Time's up. Isn't it?

If it wasn't that tragic, you could call it ironic. Just minutes ago the postman delivered three books: Ivan Dzyuba's Internationalism or Russification, Vyacheslav's Chornovil's Chornovil Papers and Michael Browne's Ferment in Ukraine. Three books from and about dissidence in the sixties and seventies in Ukraine. Time has always been a matter of utmost interest for Euromaidan. Where did Euromaidan come from? Where will it go? Now, after the brutal and unforgivable death of twentyfive Ukrainian citizens, just people like you and me - policemen doing their jobs, journalists on their way home, citizens standing for their right - it seems that time is up.

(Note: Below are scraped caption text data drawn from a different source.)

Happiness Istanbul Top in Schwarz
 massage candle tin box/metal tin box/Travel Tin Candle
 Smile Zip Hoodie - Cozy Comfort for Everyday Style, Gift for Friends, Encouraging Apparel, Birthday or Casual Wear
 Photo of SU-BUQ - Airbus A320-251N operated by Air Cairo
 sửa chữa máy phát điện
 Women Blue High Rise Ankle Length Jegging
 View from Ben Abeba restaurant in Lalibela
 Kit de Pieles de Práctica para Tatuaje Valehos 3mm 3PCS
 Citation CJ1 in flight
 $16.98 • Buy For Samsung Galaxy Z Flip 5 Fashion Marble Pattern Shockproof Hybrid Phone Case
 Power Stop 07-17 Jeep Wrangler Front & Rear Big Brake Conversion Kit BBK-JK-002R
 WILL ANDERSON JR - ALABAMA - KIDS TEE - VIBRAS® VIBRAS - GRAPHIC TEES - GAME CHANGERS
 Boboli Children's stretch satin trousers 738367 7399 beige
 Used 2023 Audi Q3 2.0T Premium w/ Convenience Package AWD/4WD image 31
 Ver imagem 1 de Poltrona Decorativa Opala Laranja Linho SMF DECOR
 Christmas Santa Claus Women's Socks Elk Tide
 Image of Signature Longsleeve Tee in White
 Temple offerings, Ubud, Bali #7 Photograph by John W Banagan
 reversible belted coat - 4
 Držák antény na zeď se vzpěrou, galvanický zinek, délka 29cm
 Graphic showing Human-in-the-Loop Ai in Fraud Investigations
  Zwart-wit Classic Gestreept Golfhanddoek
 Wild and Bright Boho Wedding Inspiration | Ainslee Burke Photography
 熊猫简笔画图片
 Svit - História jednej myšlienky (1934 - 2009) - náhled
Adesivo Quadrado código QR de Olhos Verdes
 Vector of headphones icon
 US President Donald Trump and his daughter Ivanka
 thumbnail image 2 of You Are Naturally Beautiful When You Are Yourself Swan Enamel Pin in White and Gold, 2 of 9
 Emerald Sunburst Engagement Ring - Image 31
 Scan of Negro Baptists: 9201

Is it? Euromaidan didn't start in November from scratch. It didn't start in 2004 with the Orange Revolution. It didn't start in 1991 with the unexpected indepence. It started in 1965 - if I may choose a year - when Ivan Dzyuba published his Internationalism or Russification. It started with the Ukrainian dissidents, who began in the sixties with their courageous fight for intellectual and national independence. It started with the struggle for the freedom of thinking, writing and publishing. And it took courage, a quite different courage than today on Maidan. It took the courage of independent thinking. Of standing up for your right on your own, not in the midst if thousands. Of standing up for your right in a post-stalinist, post-totalitarian sovjet state. Of standing up for your right, being sure that you will be in prison. Being sure that you will be prosecuted, and convicted to years of forced labour. And they were. Not for two months, but four to six years. Not in public trials, but in secret prefabricated trials, where judges convicted them 'in accordance with the law', thus showing what political justice actually is. Just imagine: six years of forced labour, just for saying in public what you thought wat was right.

Was the time up for these courageous dissidents, when they were put behind bars? Was the time up for Dzyuba, Chornovil, Moroz, or Lina Kostenko? I don't think so. They problably new that they were engaged in something foolish, impossible without a garantuee of success - to put it mildly. They must have known that they offered their life for the next generation. They were prepared to go to jail for it. Maybe even to get killed. But, as I read and understand them, they weren't prepared to kill.

We are the next generation. We inherited the legacy of these dissidents. We owe them something. Our most important and courageous job is to turn Euromaidan in a non violent, political, national movement. Today, after the Maidan killing fields, this seems foolish, impossible or even a betrayal. Still it has to be done in a decent, sober way. Yanukovich can't and won't stop the violence. But we can. His time is up, not ours.